The plaintiff in Rogers is a former truck driver. His duties included visiting CSX facilities to pick up and deliver freight. The plaintiff was required to scan his fingerprints to gain entrance to the facility. The plaintiff filed a BIPA class action based on CSX’s failure to provide the required disclosures before collecting his fingerprints and to maintain a publicly available policy on CSX’s retention of biometric data. The complaint also alleged that CSX’s violations were intentional and reckless, an allegation which if proven would result in a $5,000 per violation penalty.
CSX moved to dismiss the complaint under Rule 12(b)(6), arguing that the plaintiff voluntarily provided his fingerprints when he could have refused to do so. CSX also contended that it was only required to maintain a public policy at the collection of the biometric data.

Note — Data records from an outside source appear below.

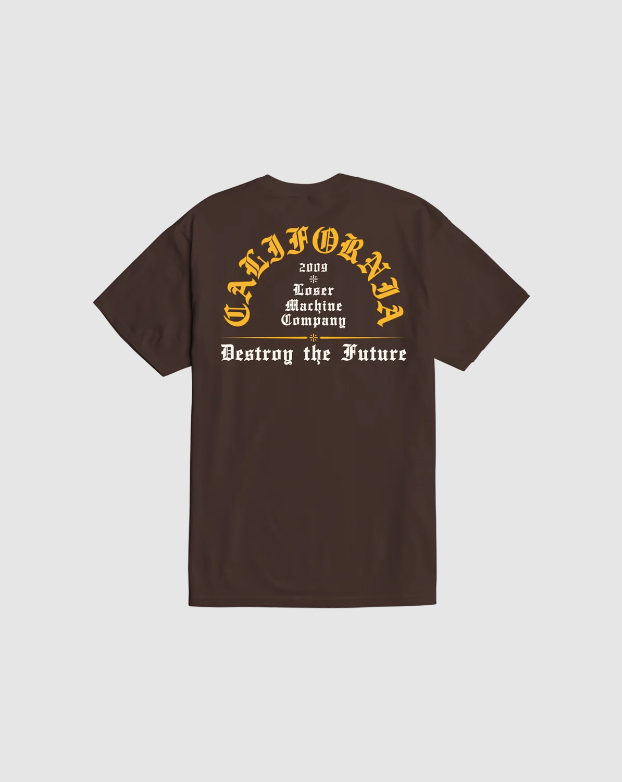 Loser Machine Established V2 Tee - Java Brown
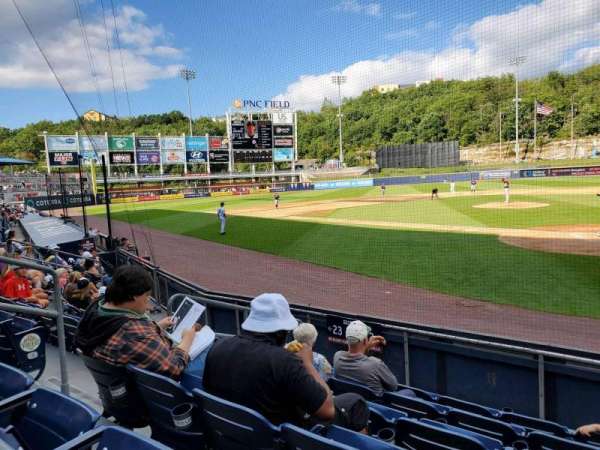 PNC Field, Scranton, section: 22, row: 6, seat: 8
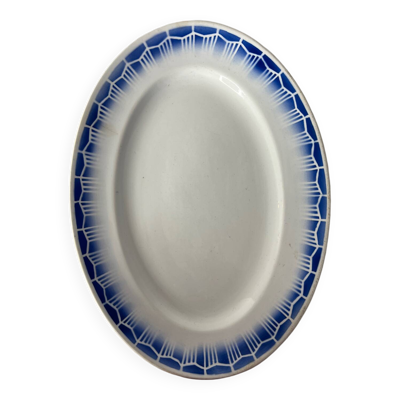 Plat de présentation St Armand Monty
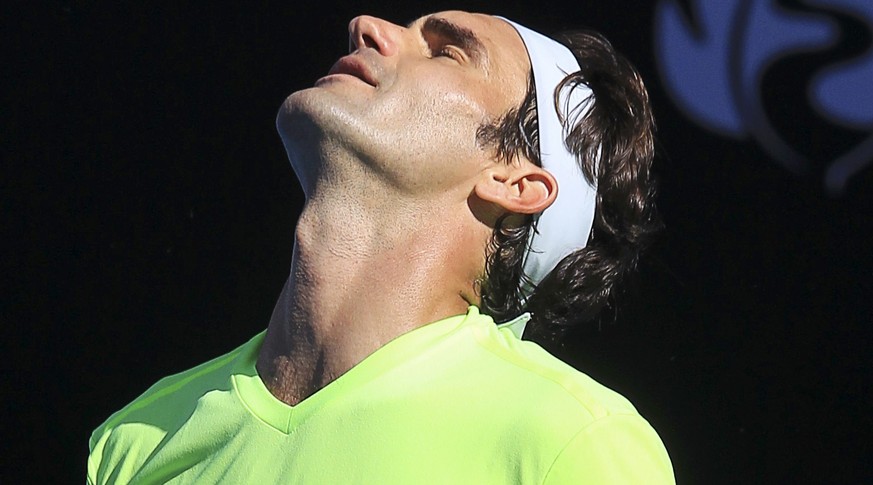 Roger Federer ist nach dem frühen Aus bei den Australian Open (Bild) bereit für neue Taten.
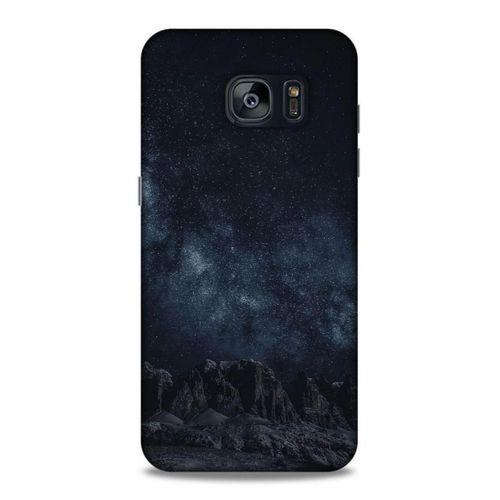 Lopard Samsung Galaxy S7 Edge Uyumlu Kılıf Gece'S (3) Kapak Siyah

The court rejected both of these arguments finding that the plaintiff was an aggrieved party even if he voluntarily provided his fingerprints and the facts pled were sufficient to state a claim for violation of the publicly available policy requirement. The court did accept CSX’s contention that the complaint failed to support a knowing and willful violation of BIPA, and that cut off potentially heightened damages.
The district court agreed with CSX that the conclusory allegations of knowing and willful BIPA violations did not suffice to avoid dismissal. The district court reasoned that the conclusory allegations in and of themselves did “nothing to distinguish this case from every possible BIPA case where the defendant is alleged to have failed to meet the strictures of Section 15. Rogers, 2019 U.S. Dist. LEXIS 151135 at *31. The plaintiff was given leave to replead, if he so chose. Id.
At first glance, Rogers is easily overlooked as one of the many cases where attempts to distinguish the Illinois Supreme Court opinion in Rosenbach v. Six Flags Entm’t Corp., 2019 IL 123186 (2019) fails. But practically, Rogers may encourage defendants to remove BIPA class actions to federal court—where Rogers sets a high bar for pleading entitlement to heightened damages under BIPA. Eliminating this heightened damages potential greatly reduces a BIPA defendant’s damage exposure. If more BIPA cases are removed to federal court, there are more opportunities for a federal court to decide cases of first impression on additional substantive provisions of the Illinois law. This in turn may result in an advantage to the defense bar, given the current climate defendants face in Illinois state courts post Rosenbach.